0
votes

I am using Flex and Bison for analyzing JSON. This is how my Flex looks like:

%%

[ \n\t]+    
true        { return VAL_TRUE; }
false       { return VAL_FALSE; }
null        { return VAL_NULL; }
{STRING}    { yylval->string = strdup(yytext); return STRING; }
{NUMBER}    { yyval->number = atof(yytext); return NUMBER; }
\{          { return OBJ_BEG; }
\}          { return OBJ_END; }
:           { return SYM_COLON; }
,           { return SYM_COMMA; }

%%

And i have a grammar like this in Bison:

%%

START:      OBJECT                      { printf("%s\n", $1); }
    ;

OBJECT:     OBJ_BEG OBJ_END             { $$ = "{}\n"; }
    |       OBJ_BEG MEMBERS OBJ_END     { 
                                            $$ = ALLOC(2+strlen($2)+2); 
                                            sprintf($$,"{ %s }",$2); 
                                        }
    ;

MEMBERS:    PAIR                        { $$ = $1; }
    |       PAIR SYM_COMMA MEMBERS      { 
                                            $$ = ALLOC(strlen($1)+2+strlen($3)); 
                                            sprintf($$,"%s, %s",$1,$3); 
                                        }
    ;

PAIR:       STRING SYM_COLON VALUE      { 
                                            $$ = ALLOC(strlen($1)+2+strlen($3)); 
                                            sprintf($$,"%s: %s",$1,$3); 
                                        }
    ;

...

VALUE:      STRING                      { $$ = yylval.string; }
    |       NUMBER                      { $$ = yylval.number; }
    |       OBJECT                      { $$ = $1; }
    |       ARRAY                       { $$ = $1; }
    |       VAL_TRUE                    { $$ = "true"; }
    |       VAL_FALSE                   { $$ = "false"; }
    |       VAL_NULL                    { $$ = "null"; }
    ;

%%

Using all this I'm trying to identify JSON. I'm also formatting input by adding some commas, parentheses and spaces.

But what I got stuck with is how do I save all the linebreaks "\n" and tabulations "\n" that i have in input JSON and send them directly to output? Now I ignore them in Flex's "[ 'n\t]+" and then add spaces manually in some Bison's actions.

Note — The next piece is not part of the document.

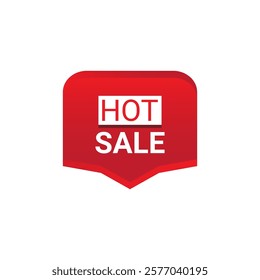 HOT SALE Label, Sticker, Banner, tag, for advertising, promotion, retail, website, graphic design project, app design or online store. Vector design element.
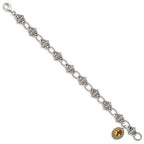 FJC Finejewelers Sterling Silver with 14kt Accent Antiqued with Citrine Bracelet 7.75 Inches x 10 mm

This is the approach I'm thinking on:

I can identify "\n"s and "\t"s in Flex and forward them to Bison as SYM_LINEBREAK or SYM_TAB. But how do I add them to output in Bison's actions and where do I put these rules/actions?

Briefly what i need to do: add some spaces, linebreaks and tabulations to output and save linbreaks and tabulations (but not spaces) that were in input file.

Thanks in advance!

1

1 Answers

0
votes

Whitespace is not relevant to JSON syntax -- any number of extraneous newlines or tabs may appear between any two tokens in the input, and it doesn't affect the meaning of the json (as long as it doesn't break up a token). So for recognizing and parsing json, you want to ignore it like you are doing.

So the question is, what do you want to do? If you just want to copy the input to the output with no change, you don't need a parser at all. If you want to remove all the spurious whitespace, you can do what you are doing, but that is overkill. If you want to build a tree of objects from the json (not what you are doing currently), then you need a parser like you have, but you should create a tree of objects rather than strings.